Working from the records below, repeat exactly the lines starting at the line that contains "Tokat'ta Bir Trafik" and ending at the line that contains "Marketplace listing image", inclusive.

● **DATA UNDER STUDY**
++++++++++++++++++++

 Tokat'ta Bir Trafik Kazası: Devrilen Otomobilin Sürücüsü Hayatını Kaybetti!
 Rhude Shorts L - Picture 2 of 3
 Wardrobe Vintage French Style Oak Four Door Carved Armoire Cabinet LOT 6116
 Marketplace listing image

++++++++++++++++++++

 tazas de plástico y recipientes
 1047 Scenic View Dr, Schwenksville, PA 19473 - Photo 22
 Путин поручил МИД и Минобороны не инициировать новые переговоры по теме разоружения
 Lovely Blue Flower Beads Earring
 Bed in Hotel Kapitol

++++++++++++++++++++

● **RESPONSE**
 Tokat'ta Bir Trafik Kazası: Devrilen Otomobilin Sürücüsü Hayatını Kaybetti!
 Rhude Shorts L - Picture 2 of 3
 Wardrobe Vintage French Style Oak Four Door Carved Armoire Cabinet LOT 6116
 Marketplace listing image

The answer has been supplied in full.